**PROBLEM DESCRIPTION:** For this listing, the lines between the one holding "1863 - 15 cent." and the one holding "Primadonna Leather Studded", inclusive, must be set down exactly.

**EXTRACTED DATA:**

........

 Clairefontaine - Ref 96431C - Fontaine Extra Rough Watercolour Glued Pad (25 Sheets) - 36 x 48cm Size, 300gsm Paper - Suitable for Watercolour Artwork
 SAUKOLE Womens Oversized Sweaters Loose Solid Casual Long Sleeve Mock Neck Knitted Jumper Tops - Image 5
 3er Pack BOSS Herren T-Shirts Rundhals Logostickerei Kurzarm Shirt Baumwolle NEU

........

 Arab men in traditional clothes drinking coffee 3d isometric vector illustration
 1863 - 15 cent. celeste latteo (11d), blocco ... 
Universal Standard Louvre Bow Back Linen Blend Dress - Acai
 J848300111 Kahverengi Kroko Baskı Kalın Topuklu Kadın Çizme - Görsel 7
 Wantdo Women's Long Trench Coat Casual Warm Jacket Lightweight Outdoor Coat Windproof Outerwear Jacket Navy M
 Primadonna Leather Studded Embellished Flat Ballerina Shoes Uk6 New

........

**RESPONSE:**
 1863 - 15 cent. celeste latteo (11d), blocco ... 
Universal Standard Louvre Bow Back Linen Blend Dress - Acai
 J848300111 Kahverengi Kroko Baskı Kalın Topuklu Kadın Çizme - Görsel 7
 Wantdo Women's Long Trench Coat Casual Warm Jacket Lightweight Outdoor Coat Windproof Outerwear Jacket Navy M
 Primadonna Leather Studded Embellished Flat Ballerina Shoes Uk6 New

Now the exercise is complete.